Owing to the fact that we have an uneven number of participants, Semi-Final Two will have one more entry in it than the first semi. This one is definitely the more difficult to call and whilst it contains a lot of big beasts that tend to ease through this stage of the process, there are also a number of entries that could go either way.
If my predictions go tits up anywhere (as opposed to everywhere, which is a distinct possibility), this night is probably where that’ll happen. As with the first semi-final, you will be able to catch this programme live on BBC Four in the United Kingdom, taking over from the now defunct BBC Three.
This is the semi-final that you can vote in, if you’re interested in the televoting aspect of preceding (presuming of course you’re British and reading this, if not then check your local listings). This’ll be the tighter one to call in my opinion. I’d like to brag that I have an eighty percent success rate at calling qualifying semi-finalists and that I know what I’m on about, but good runs of form don’t last forever, as any gambler will tell you – if I screw up majorly in any semi-final, this will be it.
Armenia: Srbuk – Walking Out
Srbuk kicks off this event as another member of the ‘National X Factor participant turned Eurovision entrant club’. This song utilises the Qanun: it’s a stringed instrument, but beyond that I couldn’t really tell you how it works. Srbuk learnt to play this instrument at a Conservatory in Yerevan, so she’s fairly classically educated.
I have to say, she has an absolutely cracking voice, which really runs riot during the mid-song key change. The song itself is catchy enough, a swaggering jaunt through easterly-influenced yet contemporary pop music. The guy who wrote this also wrote another of Armenia’s most successful entries, Not Alone by Aram Mp3, which came fourth a few years ago. I don’t anticipate this to do as well, but I still really like it.
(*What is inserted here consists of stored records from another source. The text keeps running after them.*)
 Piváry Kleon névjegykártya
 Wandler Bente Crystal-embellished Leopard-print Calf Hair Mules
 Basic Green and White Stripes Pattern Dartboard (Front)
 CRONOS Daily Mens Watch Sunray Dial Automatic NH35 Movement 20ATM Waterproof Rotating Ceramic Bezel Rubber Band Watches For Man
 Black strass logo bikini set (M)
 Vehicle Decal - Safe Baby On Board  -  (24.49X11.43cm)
Will it qualify? I really hope so. How will it do? Capacity for top ten but left side of the scoreboard.
Ireland: Sarah McTernan – 22
RTE will no doubt be happy to remind the ill-informed that Ireland is Eurovision’s most successful competing country, with seven wins under their belt. The aged among you will remember Eimear Quinn winning the competition way back in 1996. Ireland’s record of late though has been nothing short of abysmal, although this wasn’t entirely of their own doing: their last decent result was Jedward at Düsseldorf 2011, where the twins managed to pull a top ten finish out the bag.
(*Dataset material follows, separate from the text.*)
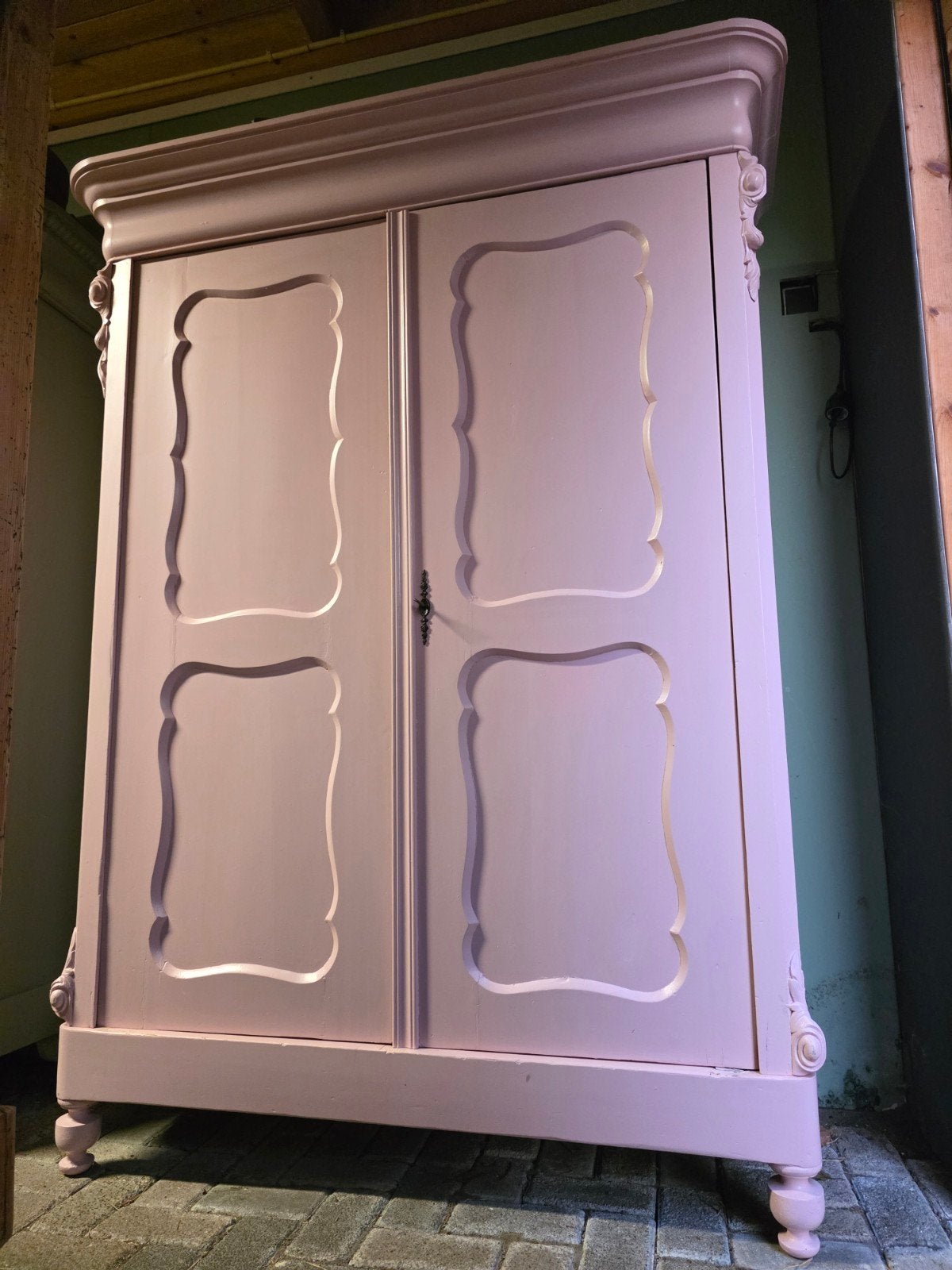 Roze biedermeier kledingkast DEMONTABEL  meidenkast bez moge, 50 tot 70 cm, Nieuw, 105 cm of meer, Ophalen of Verzenden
I can’t say I see a buck in the recent history of Ireland’s woeful competition record changing here. 22 is a classic heartbreak number but never really gets out the starter block; it is a pedestrian acoustic meander and doesn’t have that ‘big song’ feel you need to do well oftentimes.
Will it qualify? No. How will it do? Bottom five of semi-final.
Moldova: Anna Odobescu – Stay
Poor old Anna has a hell of a lot to live up to this year after the last two Moldovan entries. In 2017, Sunstroke Project (or as you know them, the Epic Sax Guy and friends) finished third, and the year after, a group called DoReDoS finished tenth with the ear worm My Lucky Day. Not bad for a country the size of Maryland.
This year, I do not predict more success for the small Eastern European nation. Stay is a fairly nondescript ballad, a weird mix of strings and tinny synth. The vocals are nothing to be ashamed of, but with Armenia before them and some stronger ballads after, I think it will struggle.
WIll it qualify? No. How will it do? Narrowly missing out on qualification.
Switzerland: Luca Hanni – She Got Me
Despite being born in Bern, Luca rose to prominence by winning the ninth season of a German talent show, Deutschland sucht den Superstar. He is also a model and only a year older than me, which makes me realise, as all the younger entrants do, that my life has thus far been a pathetic waste of time.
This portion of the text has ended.